John Wyndham is best known for three superb science fiction novels, The Day of the Triffids, The Kraken Wakes and The Chrysalids. He is less well known for his short stories, which are often marked by wonderfully subtle British humour (I recommend Pawley's Peepholes as a wonderful example of this), or a great sense of the macabre.

Web was not published until ten years after his death. In a bare 140 pages Wyndham tells a terrifying tale of human fallibility in the face of nature. Its a tight novel, shorn of any embellishment. While there are lots of characters, we know a minimum about them, because the story here is not really about people, but what happens to them.

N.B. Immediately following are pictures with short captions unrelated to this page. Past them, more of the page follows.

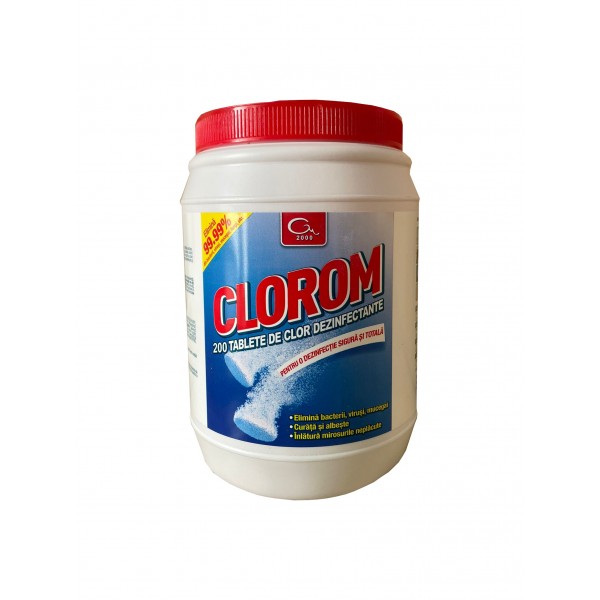 Clorom tablete efervescente cloramina 200 bucati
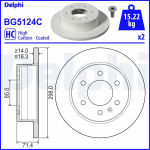 Piduriketas DELPHI BG5124C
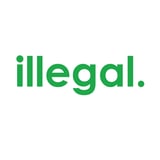 İllegal Araba Sticker 17x17 Cm Yeşil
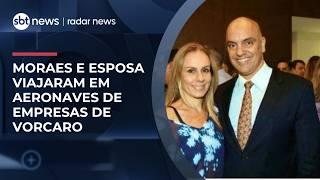 Alexandre de Moraes e esposa viajaram em aeronaves de empresas de Vorcaro, diz jornal | #RadarNews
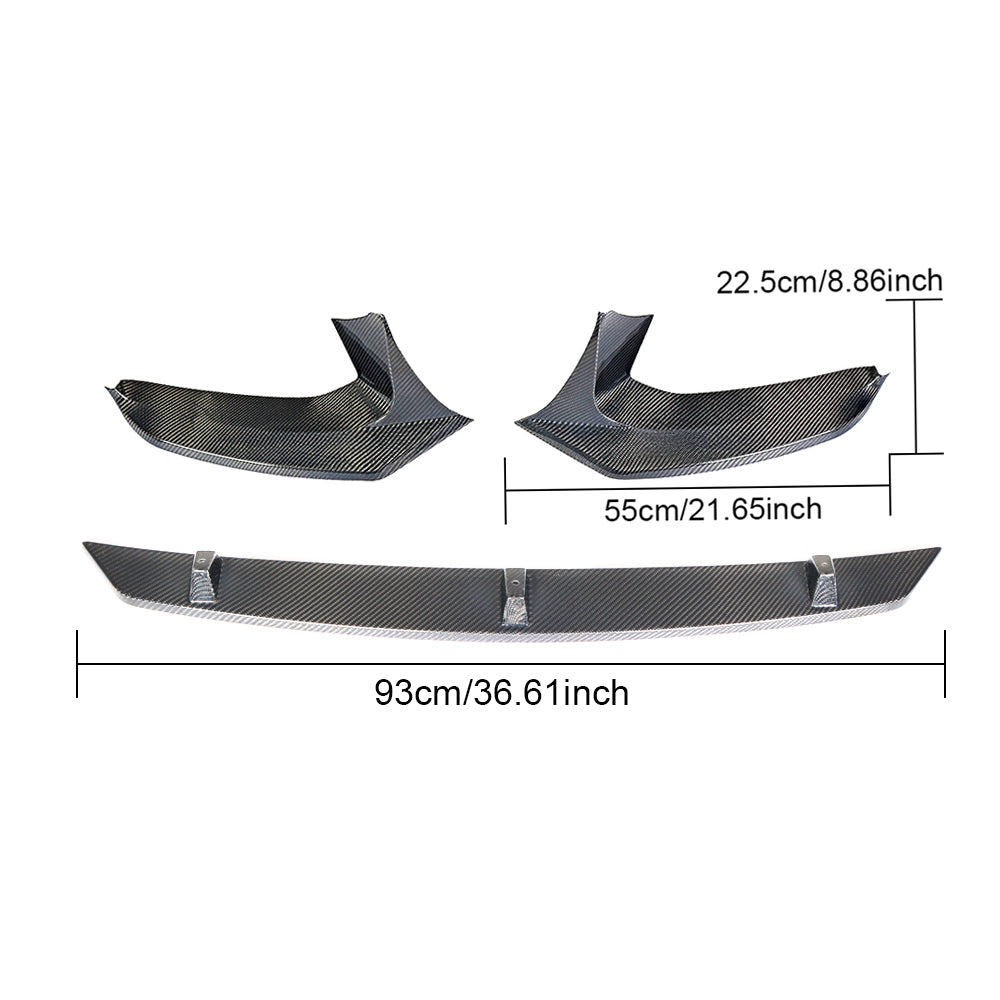 BMW 5 Series G30 G38 M Sport Carbon Fibre Front Lip&Splitter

A millionaire English lord desperate to be remembered for posterity for more than simply endowing a college fund, decides to create a Utopia in the middle of the Pacific. Choosing the remote island of Tanakuata he dispatches a small group of colonists, armed with the latest technology and backed up by large sums of money.

The island is the real story here. Shaded in mist at the beginning, we know little of the physical place, but we know its history. Tales of shipwreck and cannibalism and more recently the betrayal of the islanders who lived there before the place was hit by radiation from a nearby testing of a nuclear bomb. Readers will not be surprised to know that it is here that it all goes wrong.

This is a genuinely creepy novel, that doesn't shy from some interesting philosophical musings on the relationship between humans and nature. But its one that will probably sit longer in the mind than some longer and more detailed books. It'll also probably make you check for cobwebs before you sleep.

"Strange, so few birds... I'd have expected thousands of birds."

1 comment:

pechorinsjournal said...

Web was always one of my favourite Wyndhams, and it's much overlooked so nice to see someone read it. Glad you liked it.